In Kafarnaum ist es ein Sabbat wie jeder andere. Die frommen jüdischen Männer haben sich zum Gebet versammelt, wie es üblich ist. In der Versammlung geht es aber auch um andere Themen. Man beratschlagt sich über anstehende Probleme und diskutiert sie aus der Sicht der Religion. Dabei geben die Schriftgelehrten den Ton an. Schließlich haben sie die Heiligen Schriften studiert und fühlen sich somit kompetent, über alle Fragen der Religion zu entscheiden.
Die Schriftgelehrten waren gebildeter als der Großteil der ländlichen Bevölkerung und genossen daher Ansehen bei den Menschen. Aber doch waren sie nicht so gebildet, dass man sie auch als intelligent hätte bezeichnen können. Ihr Wissen beruhte vielmehr allein auf Tradition. Sie hatten die heiligen Schriften studiert und überprüften alles genau, ob es mit dem Wortlaut dieser Schriften übereinstimmte. Neuerungen und Flexibilität waren da nicht zu erwarten.
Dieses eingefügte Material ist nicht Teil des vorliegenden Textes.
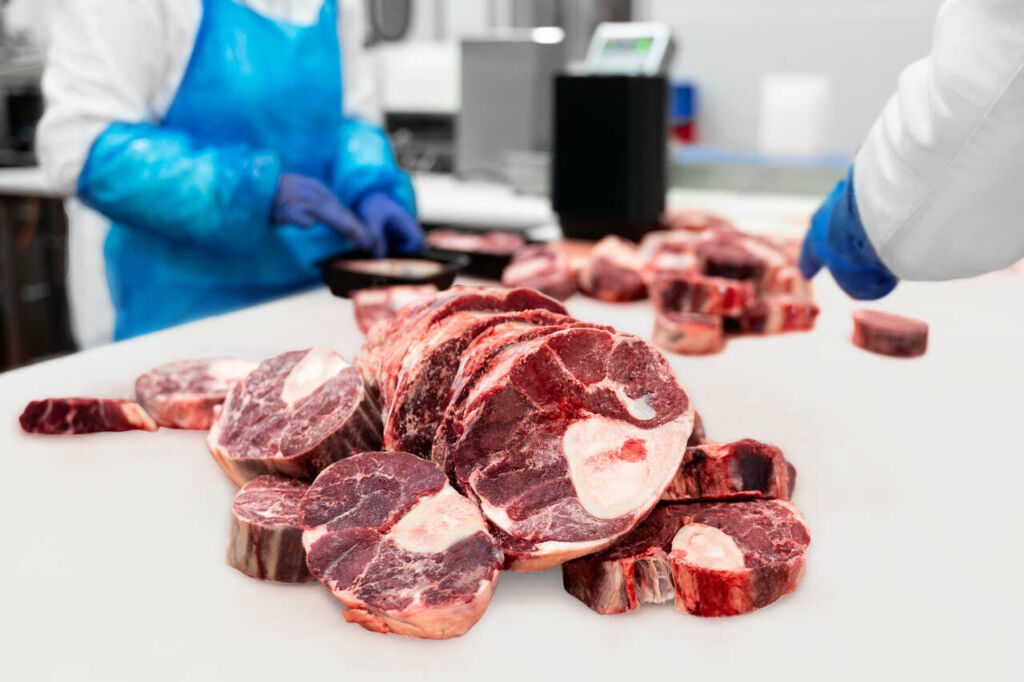 raw beef
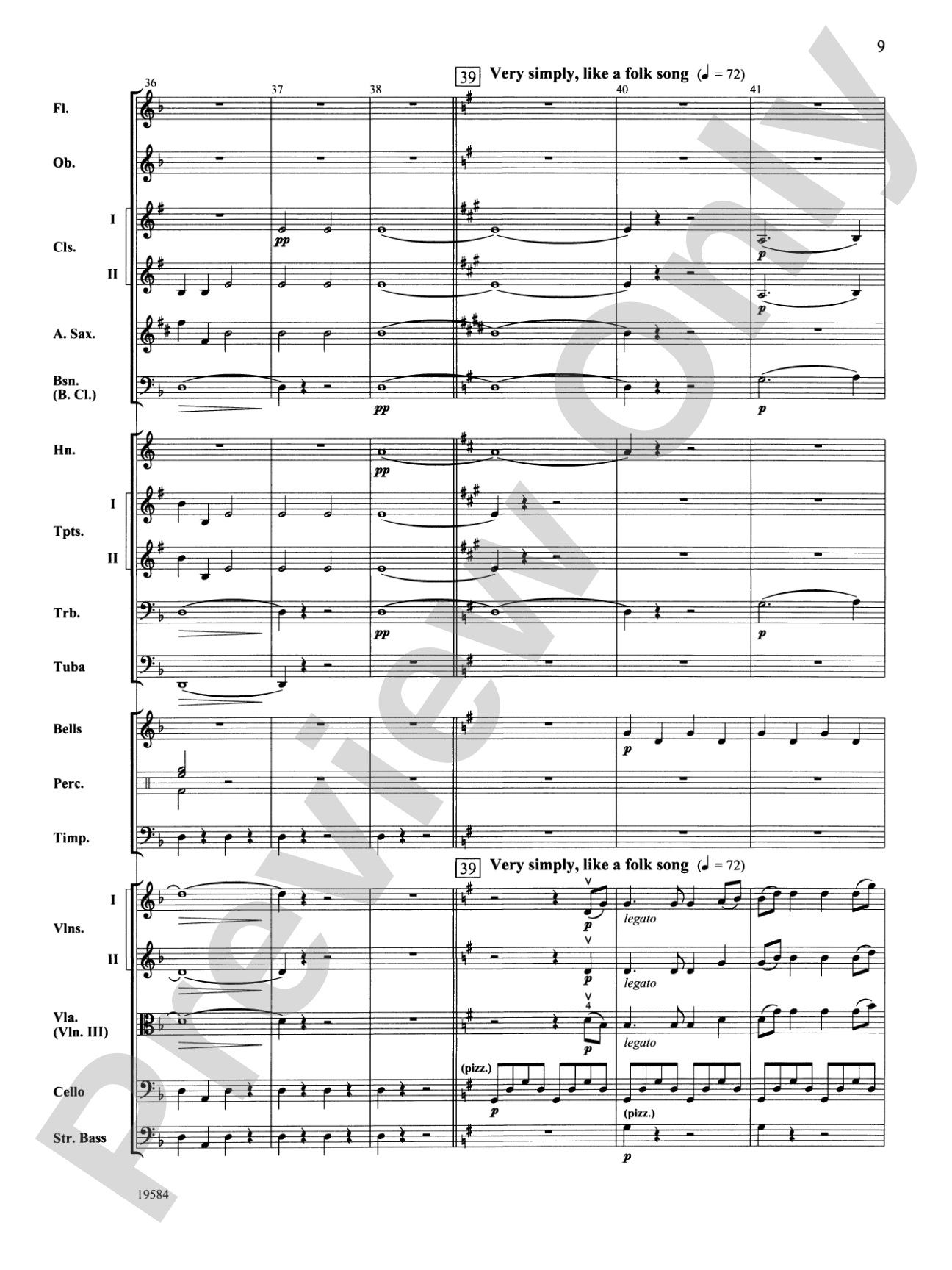 Symphony No. 1, 3rd Movement: Full Orchestra Conductor Score & Parts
Wenn es nach ihnen ginge, sollte möglichst alles so bleiben, wie es ist, denn so, wie es ist, ist es gut. Gab es strittige Fragen zu beantworten, so waren stets die Schriftgelehrten gefragt. Sie hatten auf alles eine Antwort. Die war zwar nicht immer besonders klug, aber doch für die einfachen Leute vom Land ausreichend. Da ist es nicht verwunderlich, dass Jesus mit seiner „neuen“ Lehre immer wieder in Konflikt mit den Schriftgelehrten geriet.
Und doch ist an diesem Sabbat etwas anders in Kafarnaum. Man hat in der Stadt eine seltsame Gruppe gesichtet. Da kommt ein gewisser Jesus, der einige Männer bei sich hat, meist einfache Männer, wie man ihnen ansieht, sicher auch Fischer vom See unter ihnen. Vor nicht allzu langer Zeit ging da so ein Gerücht um. Dieser Jesus soll, wie so viele andere, sich von Johannes im Jordan taufen haben lassen und da soll etwas Außergewöhnliches geschehen sein. Als er ins Wasser stieg, war das anders als bei allen anderen Leuten und auch Johannes soll dabei ganz außer sich und erstaunt gewesen sein. Man hatte die Sache fast wieder vergessen, hatte länger nichts mehr von Jesus gehört. Doch jetzt kommt er, und er kommt nicht allein.
Lausiges Gesindel, Rumtreiber, Vagabunden, haben die Schriftgelehrten dazu gesagt. Wieder einer, der meint, was Besonderes zu sein. Wieder einer von denen, die den Menschen dummes Zeug einreden. In letzter Zeit gibt es zu viele von diesen Schwindlern, die die Leute nur von ihrer Arbeit abhalten und nichts taugen. Auch die anderen in der Versammlung sind skeptisch. In der Tat hat es in letzter Zeit viele Wanderprediger gegeben, die sich dann doch als falsche Propheten erwiesen haben. Die Schriftgelehrten werden Recht haben mit ihrem Urteil. Schließlich hat ja bisher noch niemand etwas Genaueres von diesem Jesus gehört, viele haben noch nie seinen Namen gehört.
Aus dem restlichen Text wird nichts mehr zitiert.